I don’t know why my date’s first words to me were “You’re late,” even though I arrived just 10 minutes after the appointed hour. I don’t know why the appointed hour was 4 o’clock in the afternoon and not something more civilized like 7 o’clock in the evening, or why he chose to meet at Starbucks when I had confessed to being perplexed by the whole Starbucks phenomenon, or why I had to pay for my own bottled water when surely he could have sprung for the $2. But I do know one thing. There can now be no doubt: Chivalry is definitely dead in Manhattan.
It’s not just about the money; the $2 wasn’t going to break either one of us. It’s the gesture. Call me fusty, but I like it when men open doors, walk me home, pay for my dinner or, for that matter, my water. Chivalry is a precious commodity, and one that makes me swoon. Too bad it’s in such short supply here.
I grew up in Texas, where all men are chivalrous. Although I’ve lived in New York for almost 20 years, I’ve only been divorced and dating for the past eight. Am I just a princess who thinks too much of herself and is stuck in another era? Or have post-postmodern men become spoiled because we’ve let them?
Eight of my last nine dates have been with guys who are cheap—something they should have been cautioned against in Courtship 101. Tim told me he wasn’t “against money” when I offered to share the cost of our drinks and then, without further hesitation, snatched the $20 out of my hand. Until that moment, I’d been on the fence about whether or not I wanted to see him again. I bought myself a “No.”
Jeff wanted to take me to the corner diner for dinner, a suggestion I refused. I recommended a neighborhood bistro instead, figuring that if money was the issue, I would just order a salad.

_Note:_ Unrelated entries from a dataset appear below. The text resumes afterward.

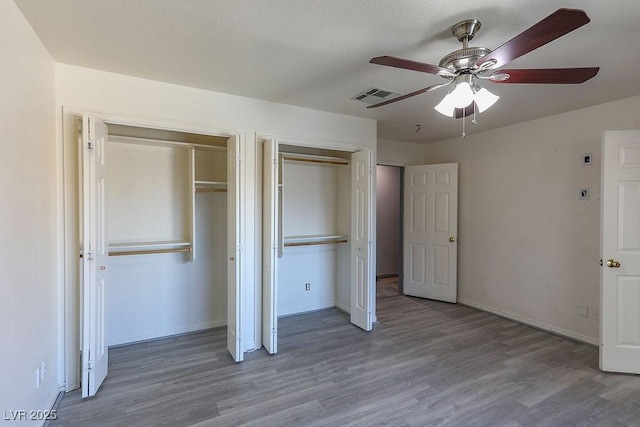 unfurnished bedroom with multiple closets, ceiling fan, and hardwood / wood-style floors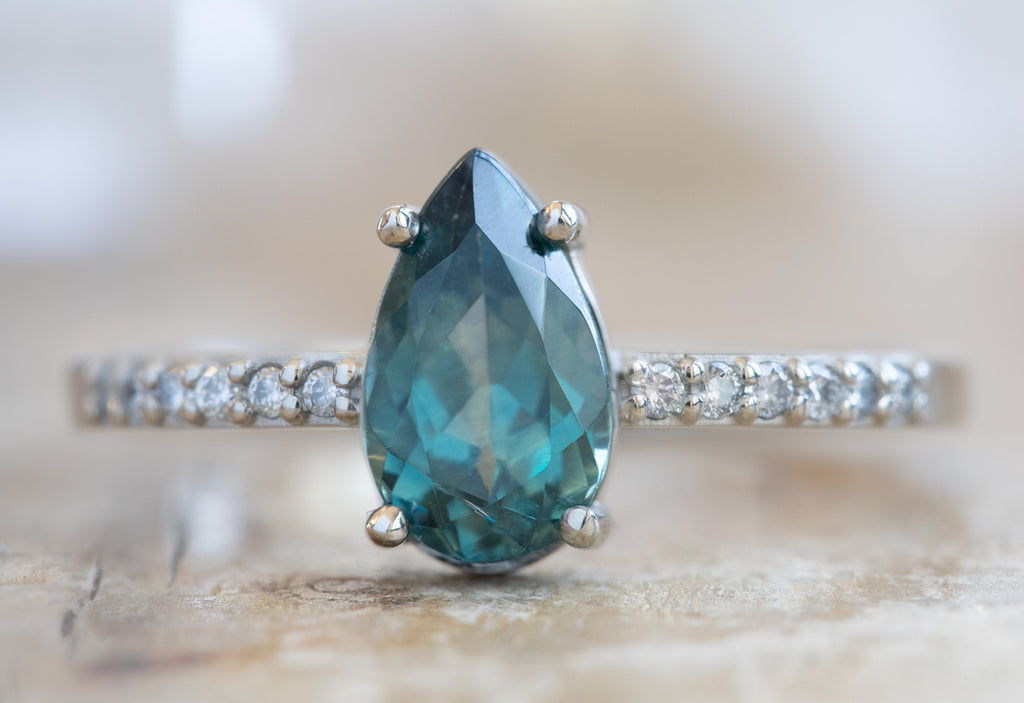 Pear Cut Sapphire Engagement Ring with Pavé Diamond Band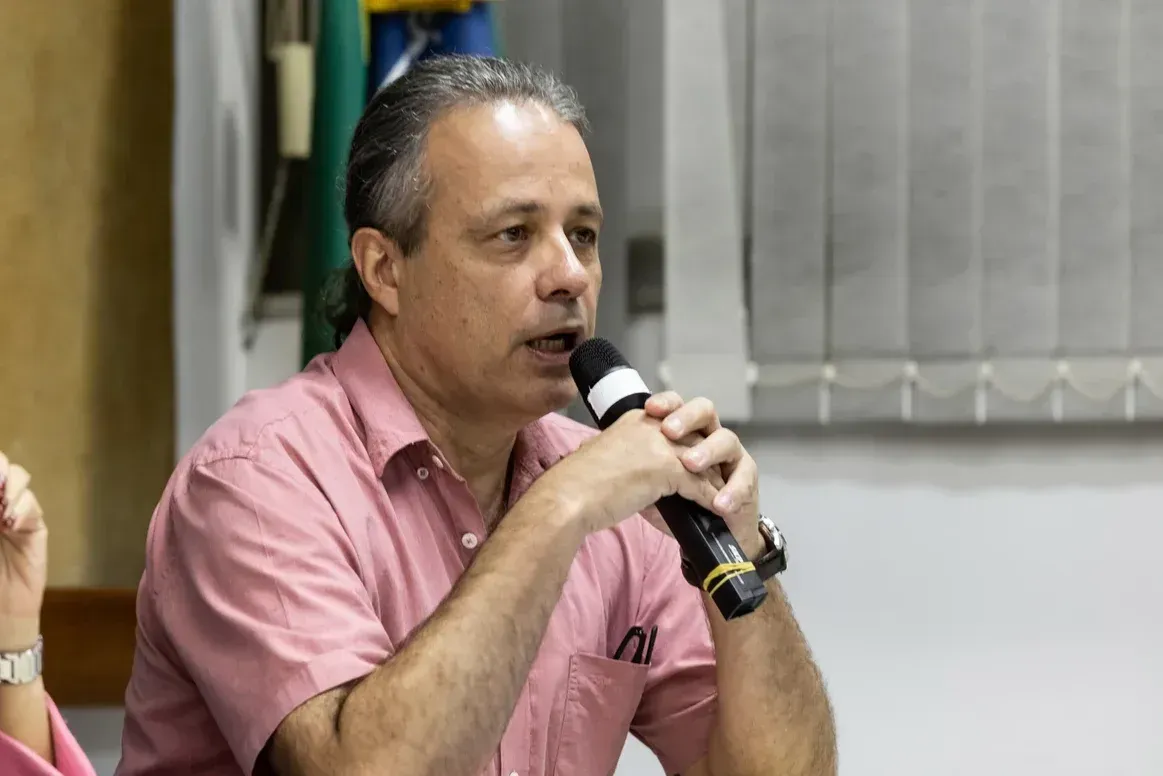 Um homem de camisa rosa está segurando um microfone na boca.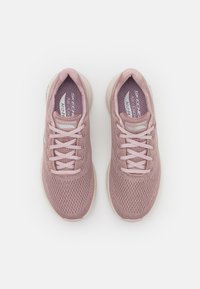 Sneakers da atletica di colore rosa chiaro con una tomaia in mesh traspirante, punta rotonda, lacci e suola ammortizzata. Presenta logo sul lato e linguetta imbottita.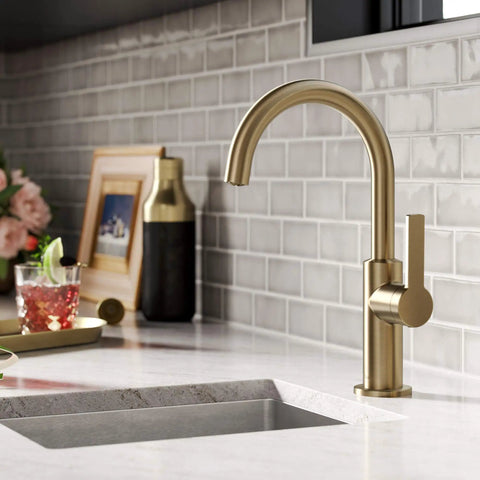 Oletto Single Handle Kitchen Bar Faucet In Spot Free Antique Champagne Bronze with 12 inch tall body, installed in modern kitchen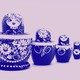 Four nesting dolls with a floral print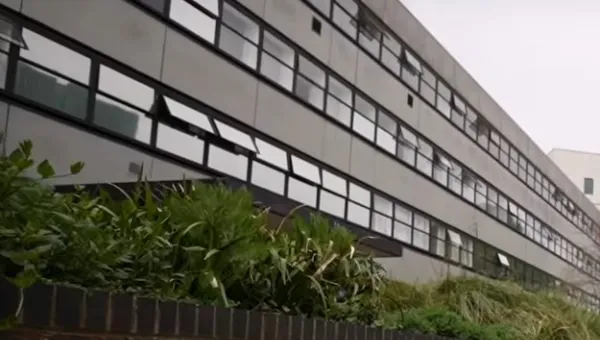 Close-up of a long, 3 storey concrete and glass building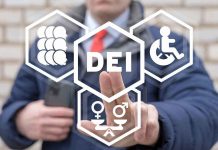 Person pointing at DEI symbols on glass.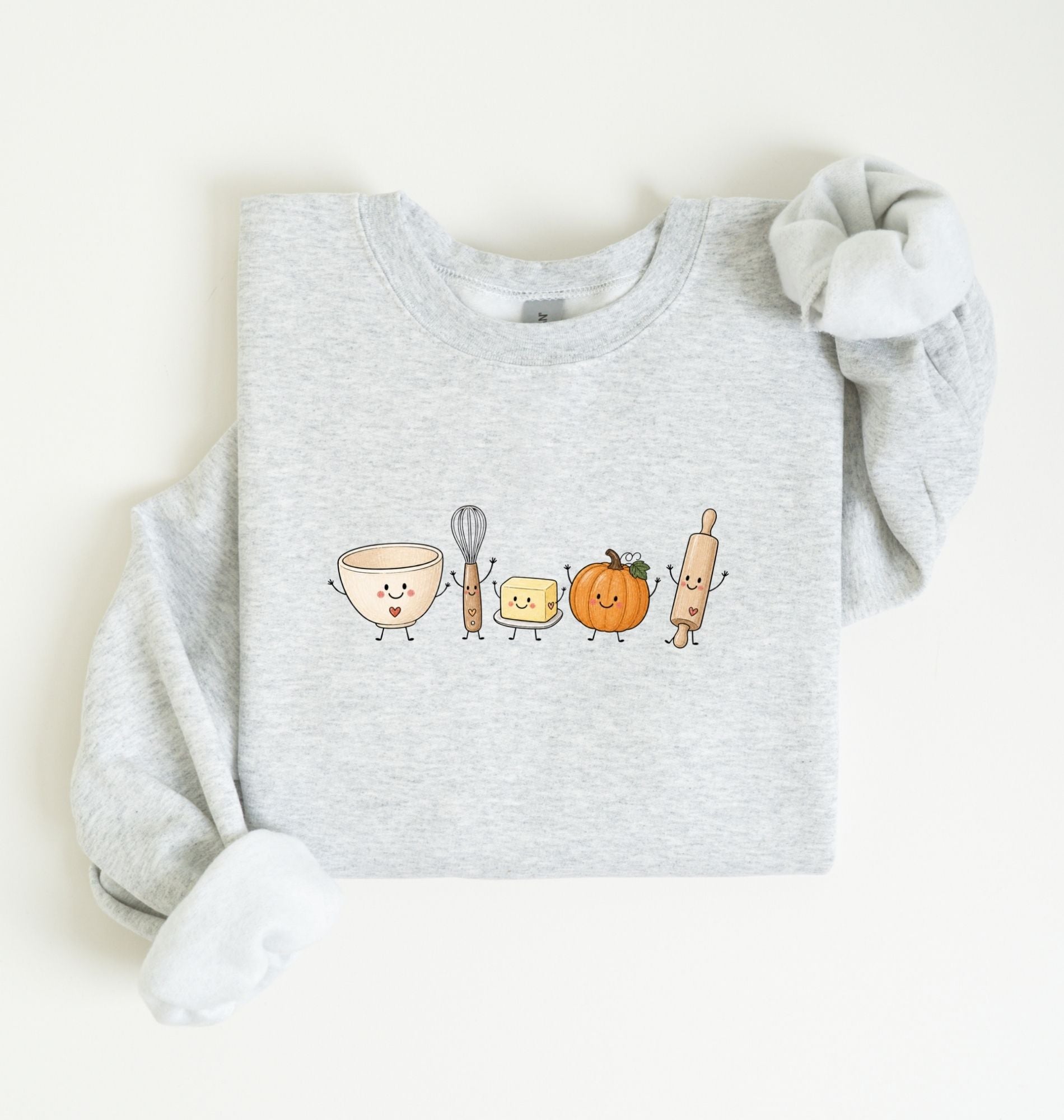 A light heather gray sweatshirt with long sleeves, folded neatly on a white background. The front of the sweatshirt features a cute graphic of a bowl, whisk, butter, pumpkin, and rolling pin with smiling faces.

It wouldn’t cost more than a grilled chicken sandwich, and at least the lighting would be ambient.
It didn’t matter anyway: Jeff complained so much about his financial situation that I paid for my half of the check. Then I listened as he told me about the $400,000 deals he had in the works on the way home.

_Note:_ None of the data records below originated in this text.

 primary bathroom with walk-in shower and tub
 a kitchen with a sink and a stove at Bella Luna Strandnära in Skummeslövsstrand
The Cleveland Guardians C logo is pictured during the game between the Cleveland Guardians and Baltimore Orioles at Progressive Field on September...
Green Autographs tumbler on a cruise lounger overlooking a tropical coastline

I don’t understand. These men asked me out. Isn’t the one who initiates the invitation supposed to pay? The answer is yes, according to both Letitia Baldrige’s New Manners for New Times and Amy Vanderbilt’s Complete Book of Etiquette. After that, the woman (since, after all, it is usually the woman who receives the invitation) can reciprocate by buying movie tickets, paying for drinks, maybe cooking a meal—something to show that she appreciates the effort the man has made on her behalf. The problem is, there is no “after that” for me. When a guy accepts my money, it’s an immediate deal breaker.

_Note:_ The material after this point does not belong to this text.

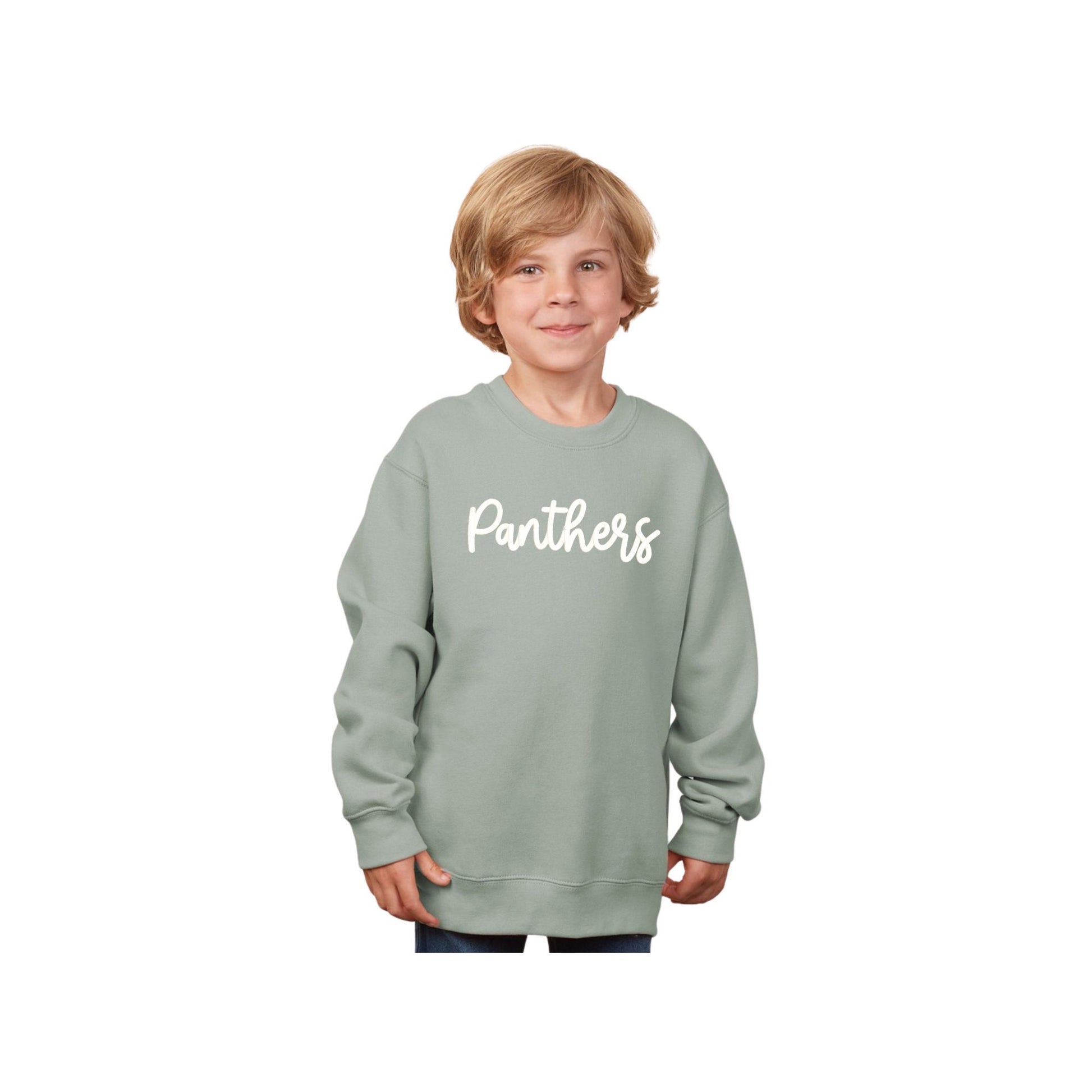 Child wearing a light green sweatshirt with 'Panthers' text on a white background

Logically, it doesn’t seem fair that the guy always has to pay. I am sure that they go on as many bad dates as women do, and the idea of continually forking over cash for what may or may not be a pleasant evening makes them resentful. But there is no logic in the world of love, so I’m not allowing them that excuse.
I am not insensitive to financial issues. Seriously in debt myself, I am aware that dating is an expensive proposition. As a mother of two, I have to hire a baby sitter when I go out, so on average I start the evening $50 in the hole. Add to that the amount of money women spend on makeup, hair and wardrobe, and dating becomes something of an investment for us before we even walk out the door.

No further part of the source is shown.